- The European Union (EU), which has been moving toward getting its members to agree to implement rules for the 15% global minimum tax plan that is at the center of the Organization for Economic Cooperation and Development’s (OECD) so-callled Pillar 2 plan, will take up the issue again next week at an Economic and Financial Affairs Council (Ecofin) meeting.
- With 26 out of 27 EU countries effectively on board as of April to put the rules in place on a delayed time table, all eyes are on Poland, which is the last country needed to support a directive for moving forward, according to Grant Wardell-Johnson, global tax policy leader with KPMG International.
- “If Poland agreed and the EU introduced a Pillar 2 directive, the arguments for the U.S. implementation of Pillar 2...would be stronger and thus more likely to pass given that it could not be asserted that there was insufficient global ‘agreement’ for Pillar 2,” Wardell-Johnson wrote in an email.
Multinational companies are bracing for the impacts from the 15% minimum global corporate tax initiative and the OECD's global reform framework — impacts that could potentially extend well beyond taxes to shape data collection, operating models and even transaction strategies.
The minimum tax is at the center of the so-called Pillar 2 piece of the OECD’s base erosion and profit sharing (BEPS) project. In October, 137 countries reached a multilateral agreement to overhaul global tax rules.
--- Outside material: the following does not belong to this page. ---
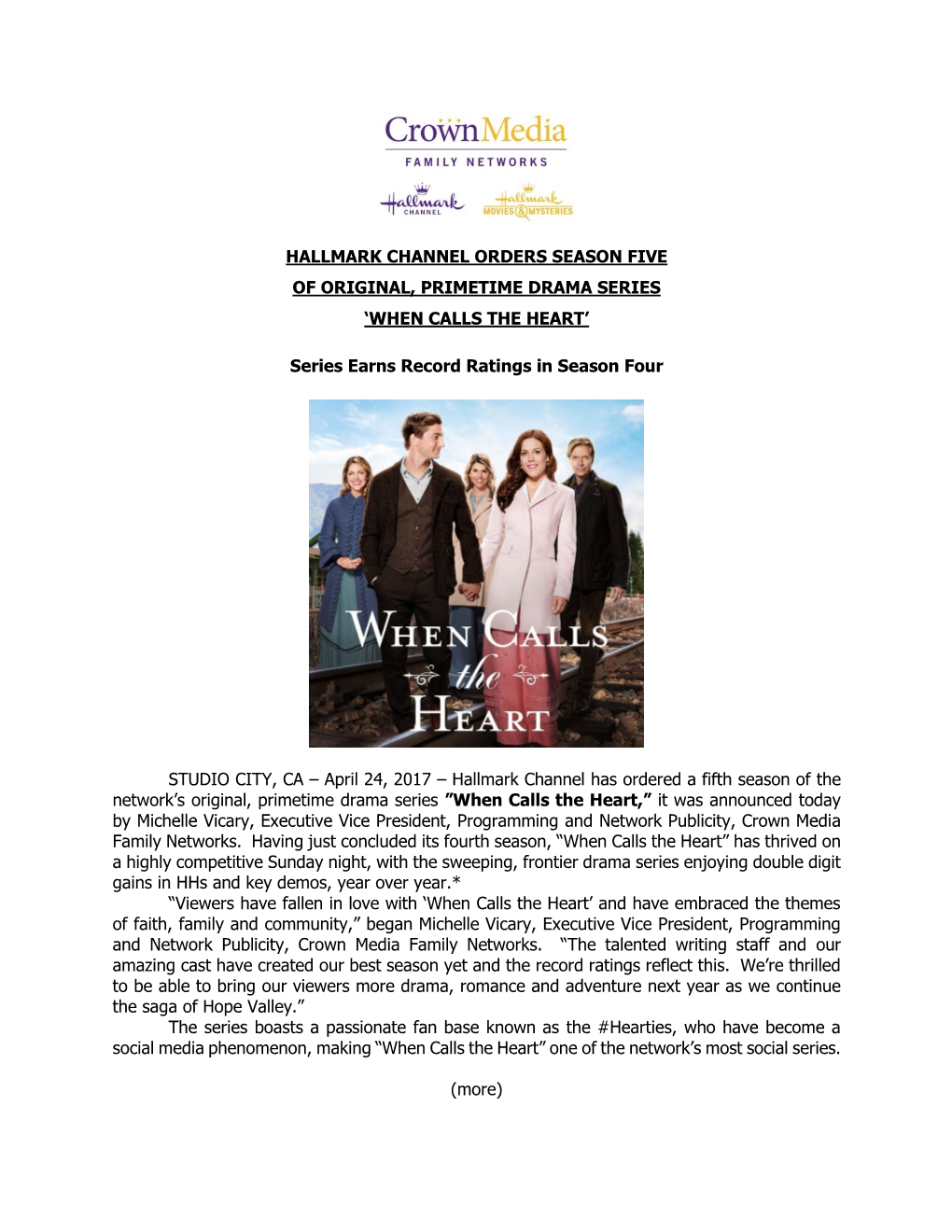 Hallmark Channel Orders Season Five of Original, Primetime Drama Series ‘When Calls the Heart’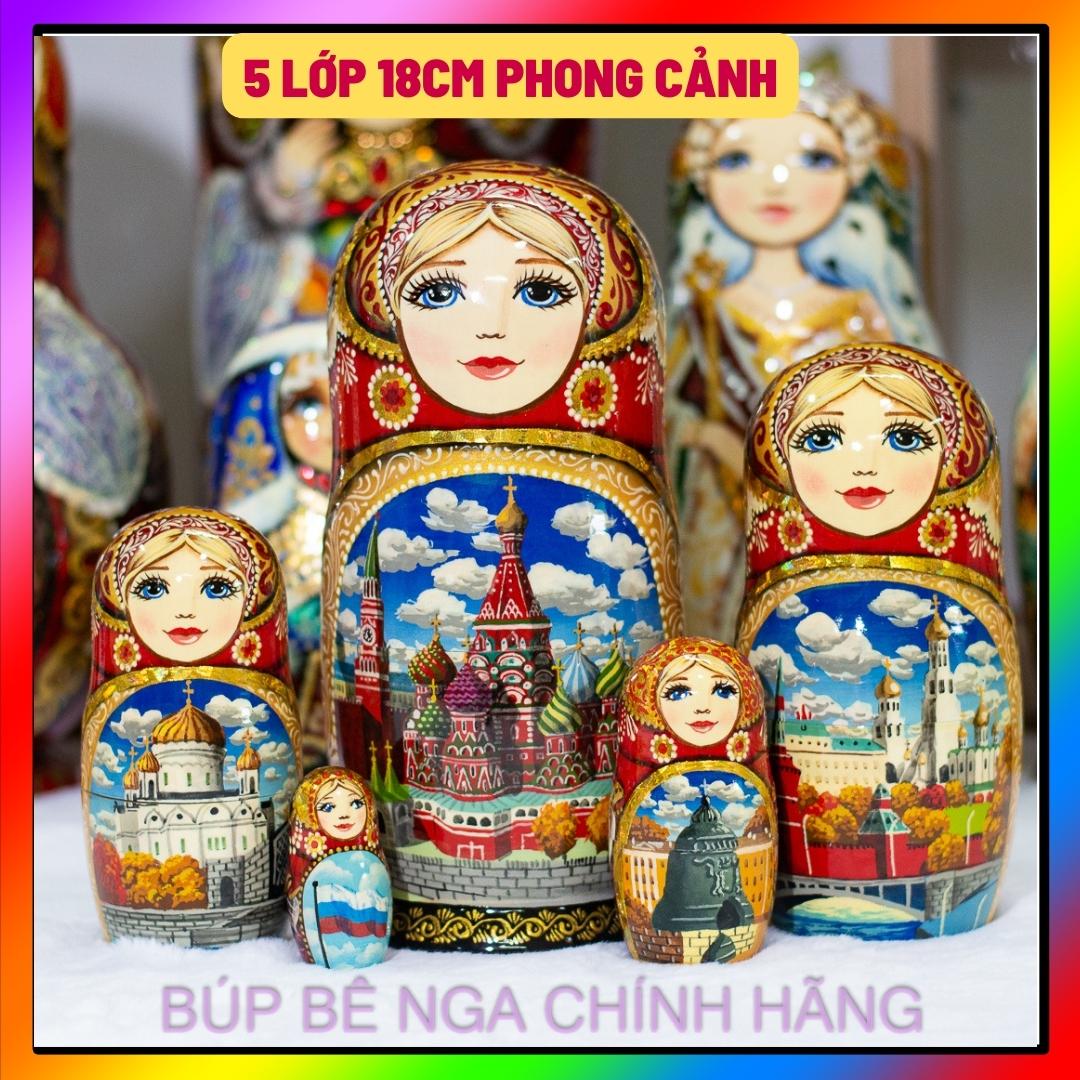 BỘ BÚP BÊ NGA MATRYOSHKA 5 LỚP CAO 18CM VẼ HOA VĂN &quot;PHONG CẢNH MATXCOVA&quot; CỰC ĐẸP VÀ SANG TRỌNG ĐỘC ĐÁO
U.S. Treasury Secretary Janet Yellen has been a key supporter of the international framework launched to combat tax avoidance and shut down tax havens. But the issue has lost momentum in the U.S. as the Build Back Better legislation that includes the global minimum tax has stalled in the Senate. Earlier this year the global minimum tax plan drew criticism from 14 Republicans who said in a letter to Yellen that it would undermine U.S. competitiveness.
Last month Yellen traveled to Poland to try to persuade the singular holdout in the EU’s plan to get on board but was not successful in doing so, according to a May 16 Reuters report.
But Wardell-Johnson said it would be wrong to say that support for the global minimum tax is coming apart. In fact, in April about several more EU countries came off the sidelines to support it, which represented a step forward, he said. In addition, he believes it is likely Poland will ultimately sign on although it's unclear whether that will occur this month. If that happens Yellen will have more support for her initiative in the U.S., he said.
“I think it‘s going to come together,” he said. “If one is arguing that this is falling apart I don’t think that’s correct.”
Under the agreement reached at the April Ecofin meeting, two rules for implementing the new system would be delayed 12 months. The so-called income inclusion rule's (IIR) implementation would be moved from 2023 to 2024 and the undertaxed profit rule (UTPR) would be delayed from 2024 to 2025.
Meanwhile, countries with no more than 12 multinational companies that are affected by the rules could opt to defer the adoption for six years. The new tax regime will apply to companies with annual revenue exceeding 750 million euros ($850 million) and generate about $150 billion in additional annual global tax revenue, according to the OECD.
The move comes as financial executives are facing a host of uncertainties and stresses around their tax liabilities.
For instance, tax experts say CFOs should prepare for a renewed push for a range of new or higher corporate taxes from the Biden administration, including the possibility that the headline corporate tax rate could be raised to 28% from 21%.
Separately, in a recent letter to Yellen, CFOs from a range of companies including Coca-Cola and Verizon Communications said foreign tax credit rules that went into effect this year are hurting some companies' bottom lines, according to a report Monday in The Wall Street Journal.